Goal of the exercise
Among the entries below, find the line with "Okay, so it's" and the line with "This closes the". Return exactly those lines and every line between them, but no pictures.

Information

------------

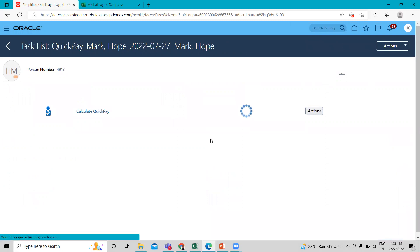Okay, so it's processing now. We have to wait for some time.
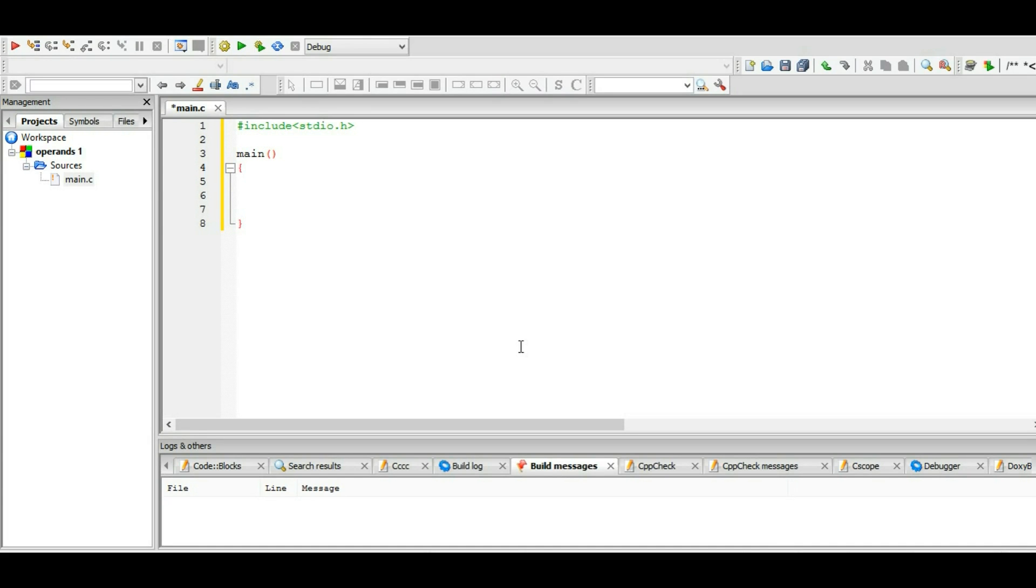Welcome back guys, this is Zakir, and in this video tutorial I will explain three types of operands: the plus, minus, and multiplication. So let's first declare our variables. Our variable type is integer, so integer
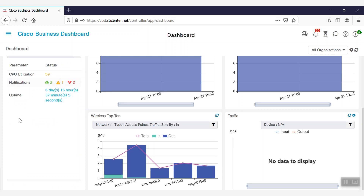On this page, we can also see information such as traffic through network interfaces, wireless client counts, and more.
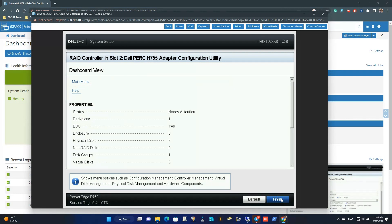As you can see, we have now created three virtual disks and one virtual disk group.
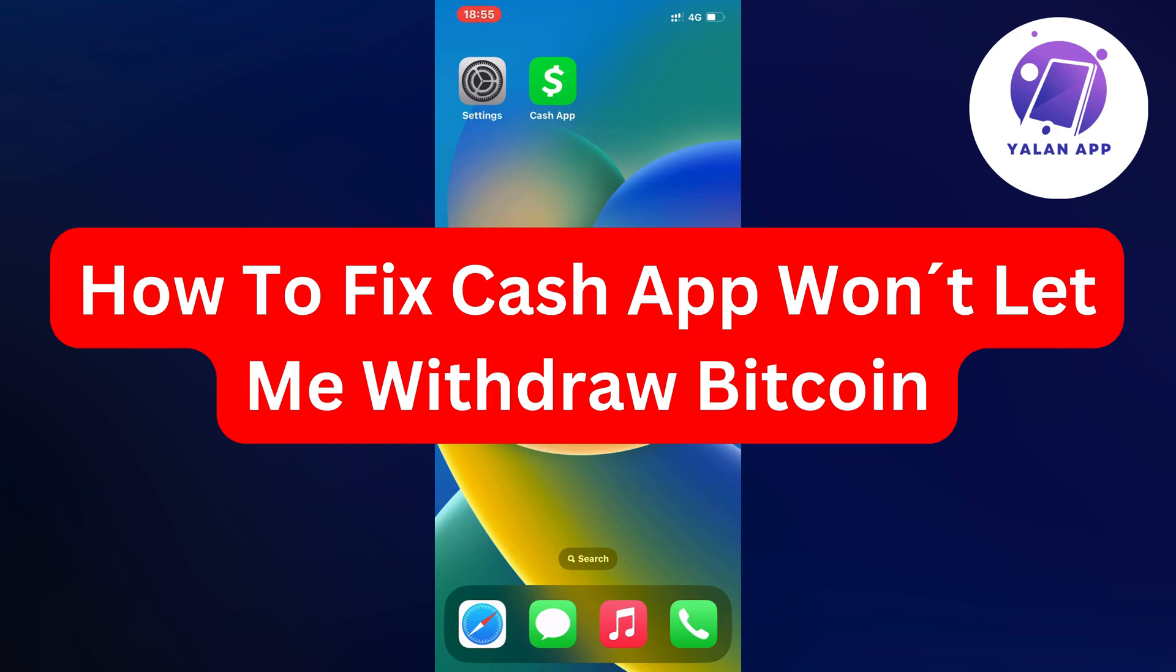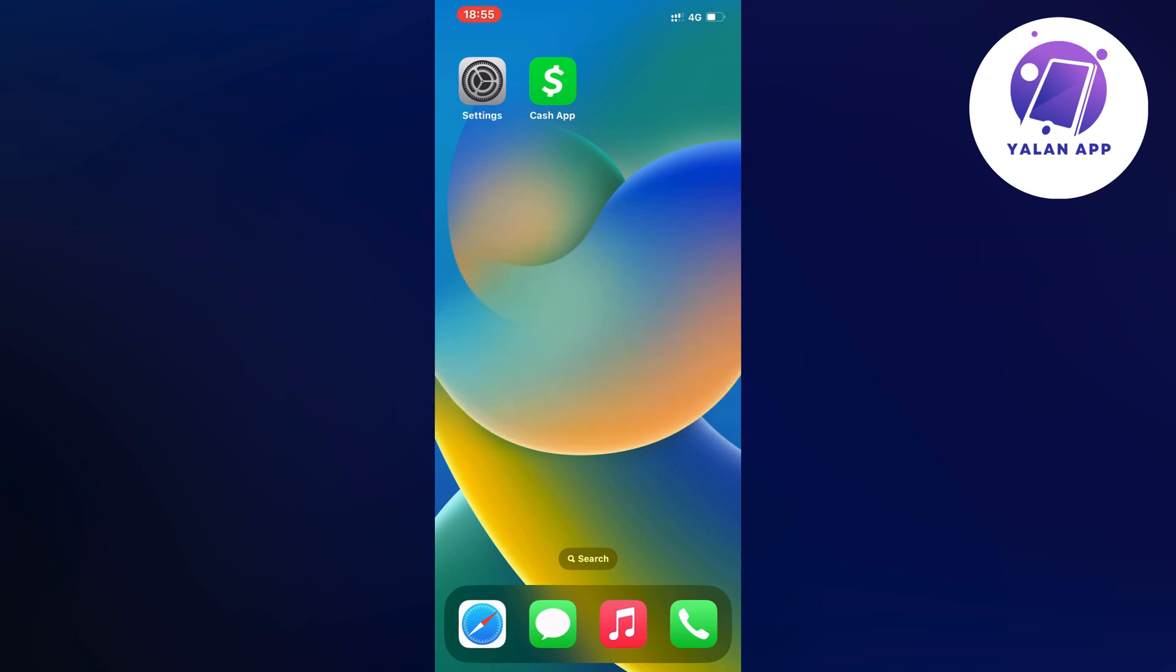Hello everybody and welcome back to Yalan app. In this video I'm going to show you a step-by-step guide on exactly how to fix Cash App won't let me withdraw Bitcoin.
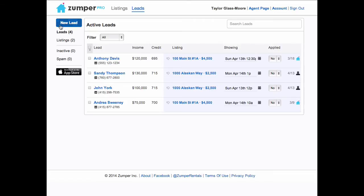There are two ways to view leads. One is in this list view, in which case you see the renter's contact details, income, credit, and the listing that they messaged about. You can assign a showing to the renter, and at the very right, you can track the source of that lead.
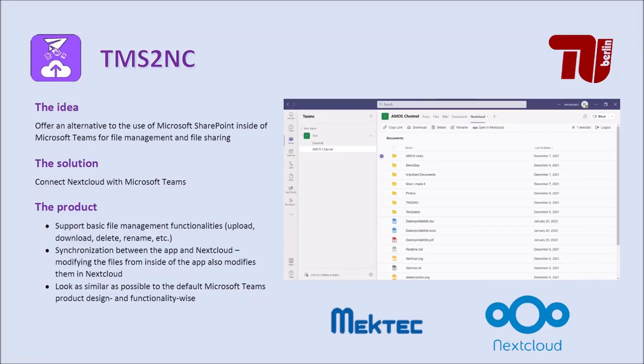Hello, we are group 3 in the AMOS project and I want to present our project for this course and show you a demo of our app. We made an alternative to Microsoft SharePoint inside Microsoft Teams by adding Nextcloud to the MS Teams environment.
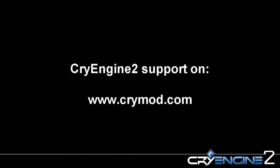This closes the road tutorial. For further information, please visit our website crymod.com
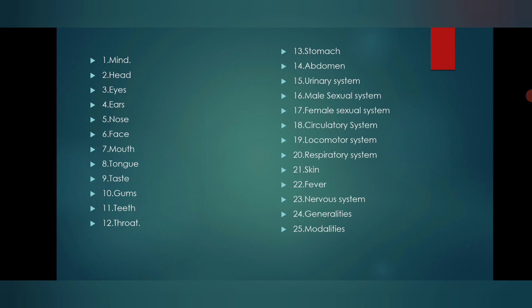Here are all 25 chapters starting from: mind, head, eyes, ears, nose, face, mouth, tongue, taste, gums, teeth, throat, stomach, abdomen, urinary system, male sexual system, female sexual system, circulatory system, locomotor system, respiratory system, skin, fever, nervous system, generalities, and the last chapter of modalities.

------------

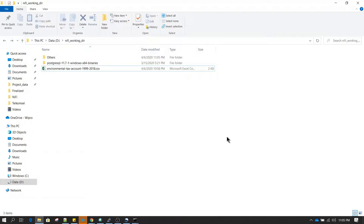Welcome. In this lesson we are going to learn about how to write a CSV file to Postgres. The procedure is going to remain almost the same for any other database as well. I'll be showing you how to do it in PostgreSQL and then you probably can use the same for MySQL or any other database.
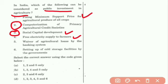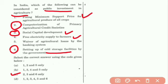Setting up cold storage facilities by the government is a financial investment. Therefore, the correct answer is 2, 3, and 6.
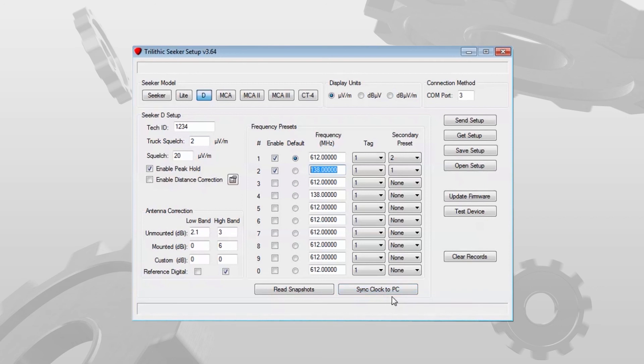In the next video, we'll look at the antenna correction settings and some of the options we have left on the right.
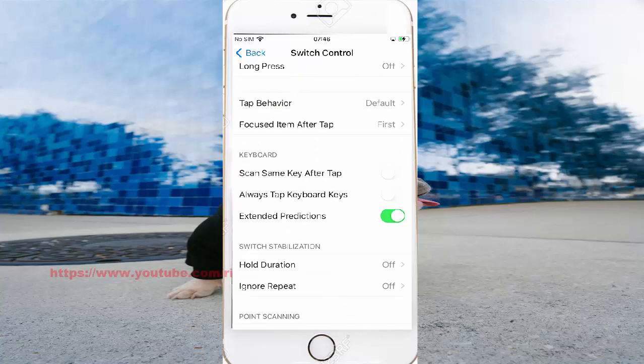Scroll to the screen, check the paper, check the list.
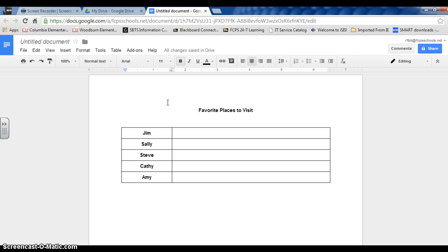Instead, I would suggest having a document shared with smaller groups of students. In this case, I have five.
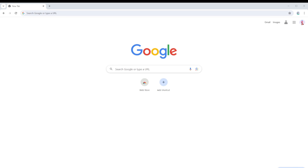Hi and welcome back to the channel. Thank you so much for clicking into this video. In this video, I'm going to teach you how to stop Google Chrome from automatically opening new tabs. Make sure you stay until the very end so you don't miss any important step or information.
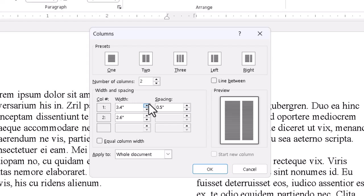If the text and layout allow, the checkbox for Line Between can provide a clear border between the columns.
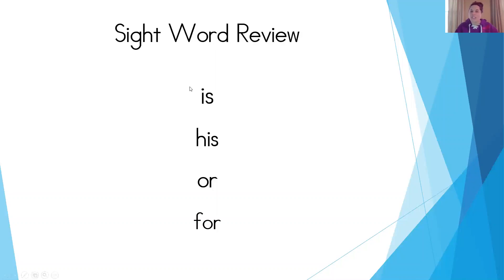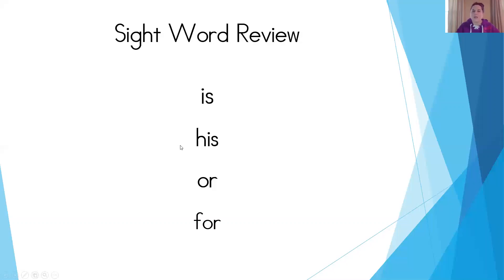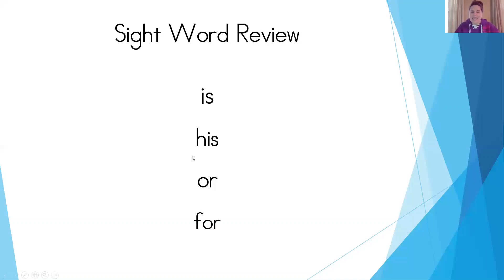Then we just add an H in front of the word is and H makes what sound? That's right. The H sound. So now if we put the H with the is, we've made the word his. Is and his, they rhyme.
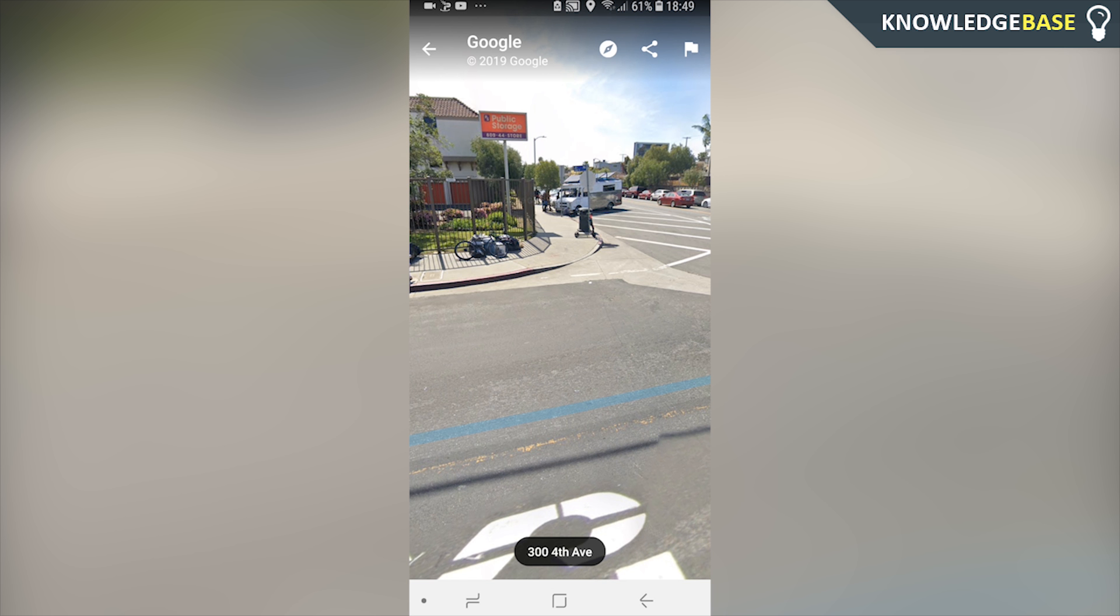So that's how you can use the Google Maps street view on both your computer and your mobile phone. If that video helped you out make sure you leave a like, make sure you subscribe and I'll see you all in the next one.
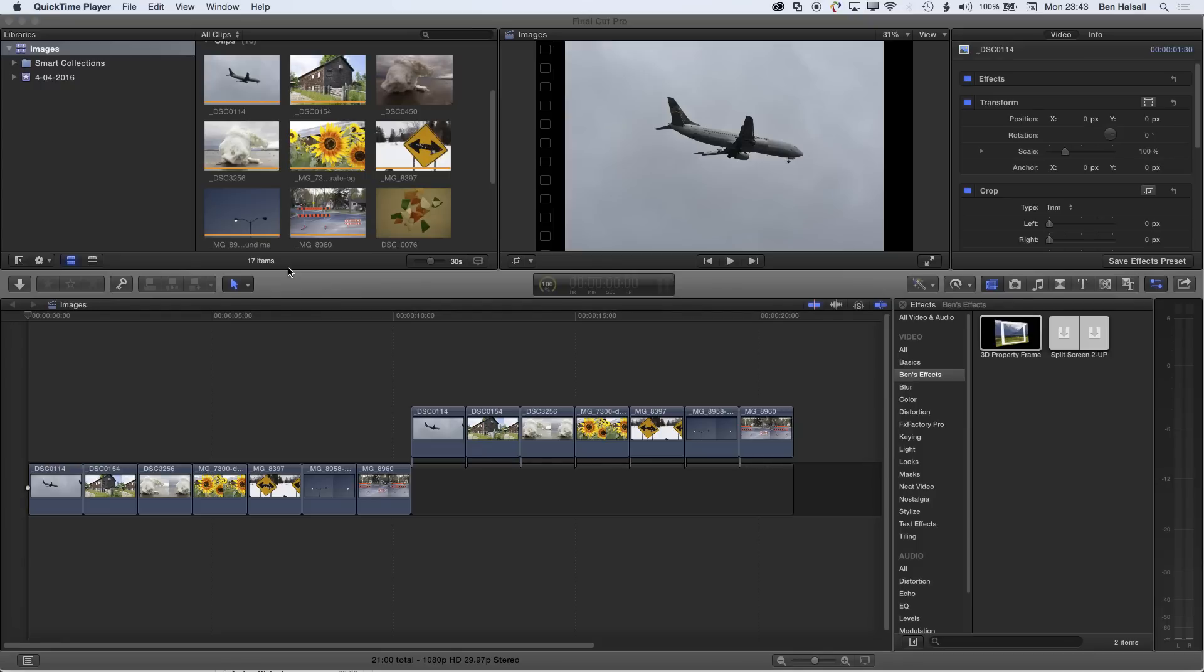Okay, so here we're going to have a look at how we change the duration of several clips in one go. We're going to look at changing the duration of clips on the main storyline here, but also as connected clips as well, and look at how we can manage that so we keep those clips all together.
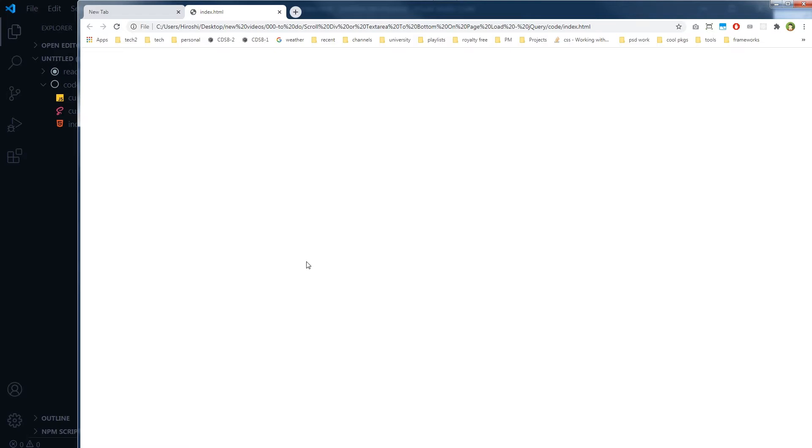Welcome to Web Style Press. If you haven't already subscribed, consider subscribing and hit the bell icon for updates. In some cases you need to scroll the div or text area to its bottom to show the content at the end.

------------

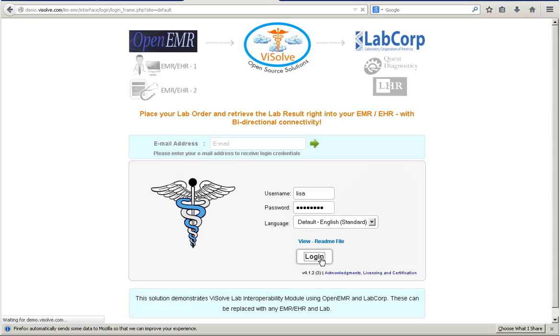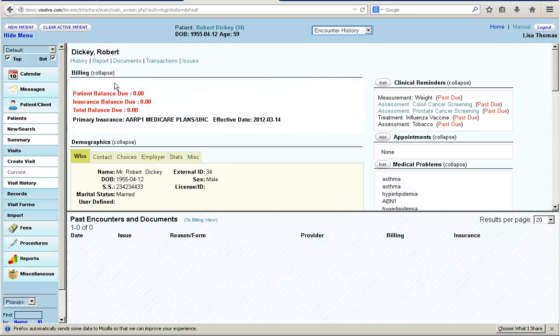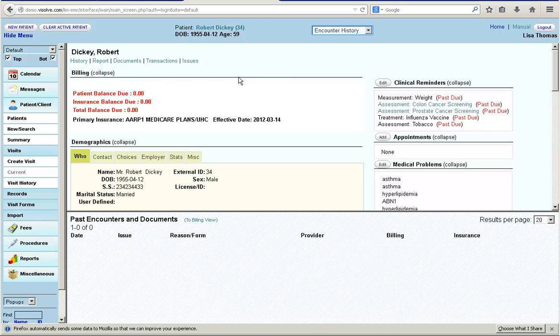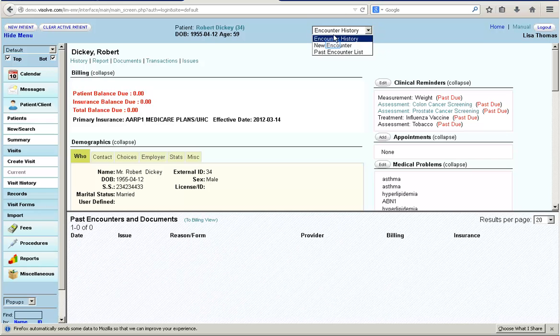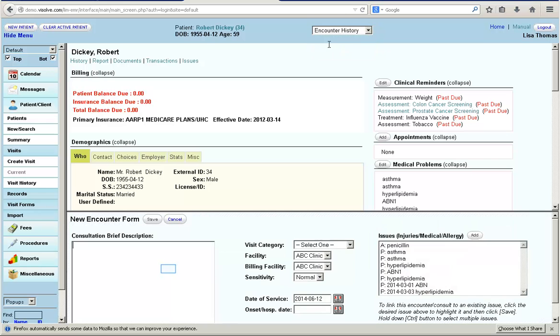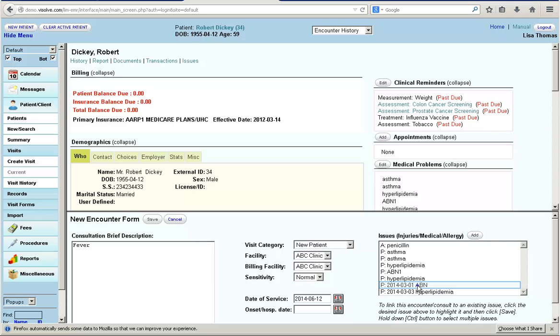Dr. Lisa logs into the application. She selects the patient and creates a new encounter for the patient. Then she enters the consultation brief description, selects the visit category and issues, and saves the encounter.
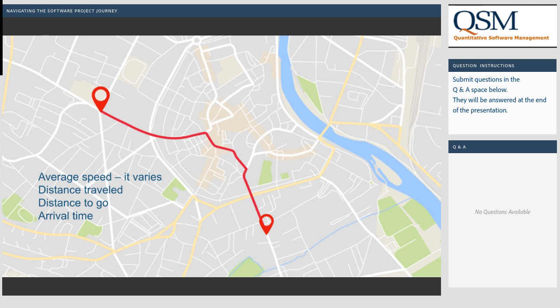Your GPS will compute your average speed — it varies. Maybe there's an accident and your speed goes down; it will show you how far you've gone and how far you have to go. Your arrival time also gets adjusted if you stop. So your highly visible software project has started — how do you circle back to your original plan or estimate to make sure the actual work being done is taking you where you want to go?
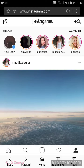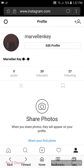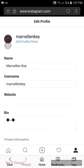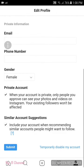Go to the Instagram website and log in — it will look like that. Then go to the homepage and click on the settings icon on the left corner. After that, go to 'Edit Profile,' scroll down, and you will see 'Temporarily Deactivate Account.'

------------

Response box
Okay, so it's processing now. We have to wait for some time.
Welcome back guys, this is Zakir, and in this video tutorial I will explain three types of operands: the plus, minus, and multiplication. So let's first declare our variables. Our variable type is integer, so integer
On this page, we can also see information such as traffic through network interfaces, wireless client counts, and more.
As you can see, we have now created three virtual disks and one virtual disk group.
Hello everybody and welcome back to Yalan app. In this video I'm going to show you a step-by-step guide on exactly how to fix Cash App won't let me withdraw Bitcoin.
There are two ways to view leads. One is in this list view, in which case you see the renter's contact details, income, credit, and the listing that they messaged about. You can assign a showing to the renter, and at the very right, you can track the source of that lead.
Hello, we are group 3 in the AMOS project and I want to present our project for this course and show you a demo of our app. We made an alternative to Microsoft SharePoint inside Microsoft Teams by adding Nextcloud to the MS Teams environment.
This closes the road tutorial. For further information, please visit our website crymod.com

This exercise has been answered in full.